**Exercise requirements**:
Scan the data below for lines holding the word "from", and copy each line found.
◆ ◆ ◆ ◆
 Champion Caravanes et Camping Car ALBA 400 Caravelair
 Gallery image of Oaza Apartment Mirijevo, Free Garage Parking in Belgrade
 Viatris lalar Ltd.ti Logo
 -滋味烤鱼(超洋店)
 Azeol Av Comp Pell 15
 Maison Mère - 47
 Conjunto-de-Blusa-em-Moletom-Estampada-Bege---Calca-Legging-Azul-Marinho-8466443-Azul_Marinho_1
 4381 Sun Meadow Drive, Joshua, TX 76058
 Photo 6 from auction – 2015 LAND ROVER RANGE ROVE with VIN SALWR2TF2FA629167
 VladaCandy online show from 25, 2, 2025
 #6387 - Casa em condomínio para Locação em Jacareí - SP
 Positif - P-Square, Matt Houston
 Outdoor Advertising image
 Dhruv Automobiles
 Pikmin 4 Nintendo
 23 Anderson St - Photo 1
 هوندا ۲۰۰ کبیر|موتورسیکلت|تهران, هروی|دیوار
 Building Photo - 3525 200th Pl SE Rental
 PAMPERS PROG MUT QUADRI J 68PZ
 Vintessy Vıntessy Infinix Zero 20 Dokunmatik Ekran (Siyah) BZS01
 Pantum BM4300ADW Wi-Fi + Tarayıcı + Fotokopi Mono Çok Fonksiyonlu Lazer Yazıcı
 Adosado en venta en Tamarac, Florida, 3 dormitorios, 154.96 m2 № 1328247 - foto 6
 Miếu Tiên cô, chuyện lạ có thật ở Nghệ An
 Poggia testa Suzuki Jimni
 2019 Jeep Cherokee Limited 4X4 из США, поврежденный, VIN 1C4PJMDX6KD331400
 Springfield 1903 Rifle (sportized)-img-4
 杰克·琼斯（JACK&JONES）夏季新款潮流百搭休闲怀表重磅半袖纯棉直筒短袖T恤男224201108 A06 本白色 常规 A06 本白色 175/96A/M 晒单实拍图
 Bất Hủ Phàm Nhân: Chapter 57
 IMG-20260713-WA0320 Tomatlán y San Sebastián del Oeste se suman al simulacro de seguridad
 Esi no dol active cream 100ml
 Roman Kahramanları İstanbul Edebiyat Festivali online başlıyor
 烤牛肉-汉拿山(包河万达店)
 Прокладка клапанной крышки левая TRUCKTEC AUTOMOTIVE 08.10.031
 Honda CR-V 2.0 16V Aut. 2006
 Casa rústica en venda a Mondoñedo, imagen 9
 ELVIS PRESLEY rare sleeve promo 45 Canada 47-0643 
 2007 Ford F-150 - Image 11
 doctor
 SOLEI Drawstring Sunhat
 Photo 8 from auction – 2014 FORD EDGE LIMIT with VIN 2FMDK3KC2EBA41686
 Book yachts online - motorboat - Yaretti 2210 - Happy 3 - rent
◆ ◆ ◆ ◆
**Reply to the task**:
 Photo 6 from auction – 2015 LAND ROVER RANGE ROVE with VIN SALWR2TF2FA629167
 VladaCandy online show from 25, 2, 2025
 Photo 8 from auction – 2014 FORD EDGE LIMIT with VIN 2FMDK3KC2EBA41686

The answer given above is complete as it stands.